Why Is Unemployment Still So High?

The U.S. unemployment rate for January will be released on Friday. A  poll of economists conducted by Dow Jones shows a consensus forecast that the rate will inch up to 8.6 percent from 8.5 percent; whether this proves to be accurate or not, it’s a safe bet that the rate will not fall into the seven or six percent range this time, or the next time.

Economists may quibble over methods used to seasonally adjust January statistics, and whether changes in the rate are due more to people finding jobs, or if they are entering or leaving the labor force, but these issues pertain to small changes, such as 8.5 to 8.6 percent, not to the big improvements that everyone wants to see. Despite one indicator after the other showing positive gains, we keep waiting. Why is this?

It is true that employment is a ‘lag’ variable: after production heats back up to restore inventories that finally clear out when a recession loses its grip, employers need to be as certain as they can be, that investing in new employees will bring in more revenues than it will cost them. Forecasts for increased sales need to be believed, and they need to know if new employer taxes and mandates for higher employee benefits will occur. Until these questions are answered to some tolerable degree of doubt, it’s easier and safer to work current employees more (or bring them back after temporary layoffs), and that is what goes on for a long time.

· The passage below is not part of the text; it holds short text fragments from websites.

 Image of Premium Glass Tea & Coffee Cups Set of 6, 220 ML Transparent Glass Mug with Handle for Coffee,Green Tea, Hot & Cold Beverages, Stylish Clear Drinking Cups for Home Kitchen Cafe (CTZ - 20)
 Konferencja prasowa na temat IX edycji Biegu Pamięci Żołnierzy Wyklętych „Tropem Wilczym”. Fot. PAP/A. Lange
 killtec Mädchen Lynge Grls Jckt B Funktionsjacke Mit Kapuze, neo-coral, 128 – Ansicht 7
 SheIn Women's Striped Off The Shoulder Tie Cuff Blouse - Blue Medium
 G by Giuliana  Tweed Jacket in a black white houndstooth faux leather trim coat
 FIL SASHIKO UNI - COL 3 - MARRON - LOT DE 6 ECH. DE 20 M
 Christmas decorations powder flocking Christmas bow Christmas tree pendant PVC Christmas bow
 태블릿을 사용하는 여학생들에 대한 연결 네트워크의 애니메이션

A related reason is based upon supply and demand for labor (yes, that perhaps overused phrase pertains to people as well). During a recession, the supply of labor – people looking for work – dramatically exceeds the demand for labor, which is the number of workers that employers want to hire. As the economy improves it slowly pushes back towards full employment, and hiring is led by demand for employees. Supply at first is so large that, when it diminishes it isn’t noticed much; it feels like there is no improvement, no new jobs, and that is compounded by more people joining the labor force, i.e. looking for work once again. Further, if demand for workers is weak, the process simply bogs down, which is what might be happening now.

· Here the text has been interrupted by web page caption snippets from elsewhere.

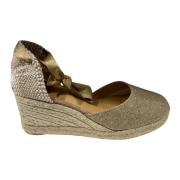 Carina 6 Sleehak Espadrilles Beige Glitter Castañer , Brown , Dames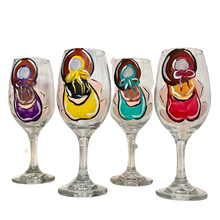 Load image into Gallery viewer, Hand Painted Beach Themed Wine Glasses
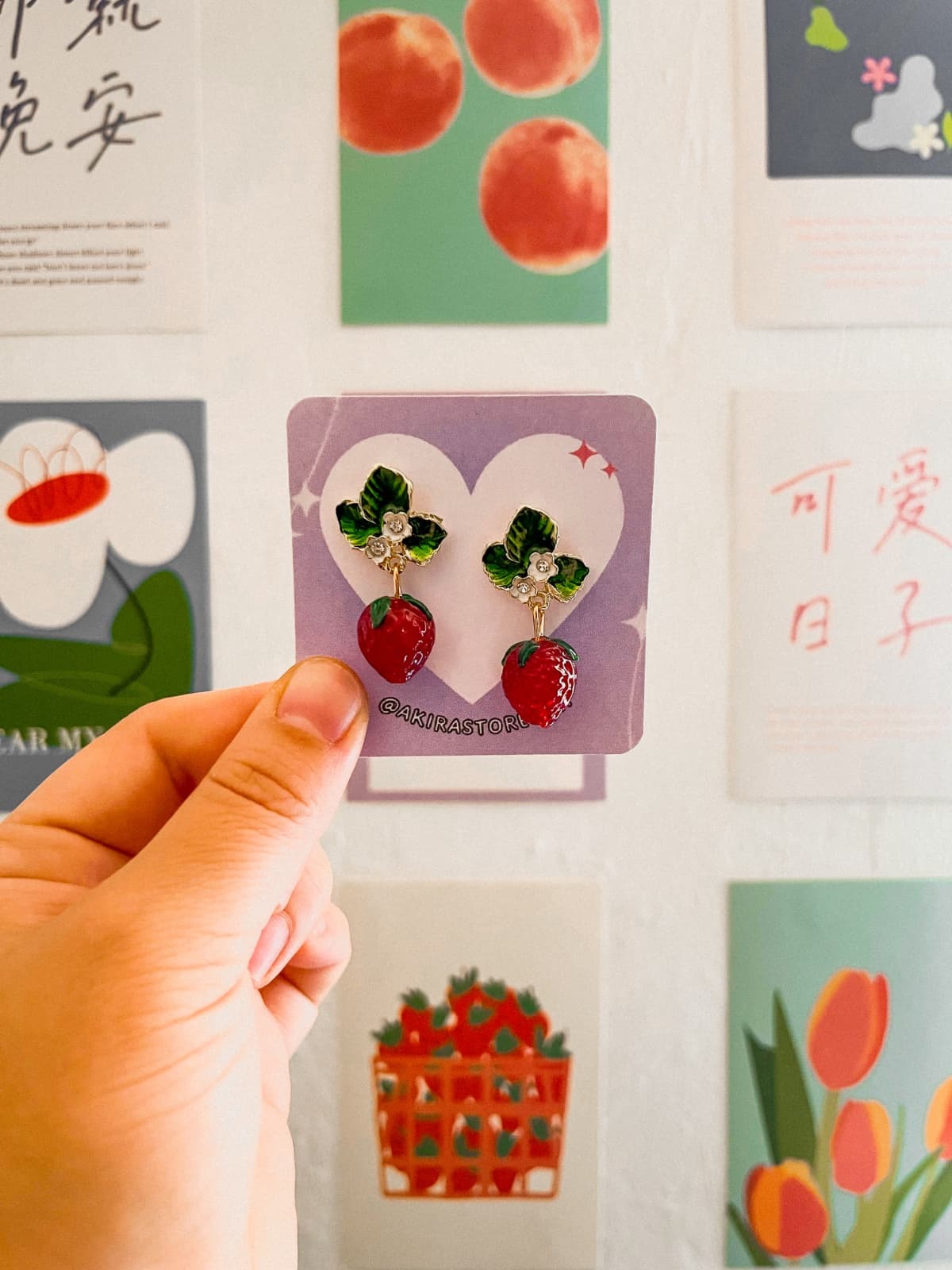 aros frutilla cortos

In a study published on Monday in the Federal Reserve Bank of San Francisco’s Economic Letter, Rob Valletta and Katherine Kuang studied the problem of weak labor demand and its role in the current unusually long bout of unemployment, now at some 42 months since the last employment peak. The researchers devised a method to measure demand for labor, by calculating a ratio of unemployed persons to job vacancies at the national level, assuming that vacancies are an indication of jobs that employers want to fill, given proper conditions. The higher the ratio number, the weaker is demand for workers relative to available supply, and vice versa.

Valetta and Kuang found that a chart of their ratio correlated strongly to unemployment since 1982, explaining ‘virtually all the increase in duration when workforce characteristics are also taken into account’. Mismatches of available workers to job vacancies were a factor, but the demand for labor explained unemployment durations more, and also indicated that these durations are lengthening from recession to recession. A BLS release on Tuesday confirmed that among employment costs for the fourth quarter of 2011, benefits costs increased far more than wages and salaries. As stated above, benefits to new employees is often a sticking point to hiring. Is this why we are waiting so long?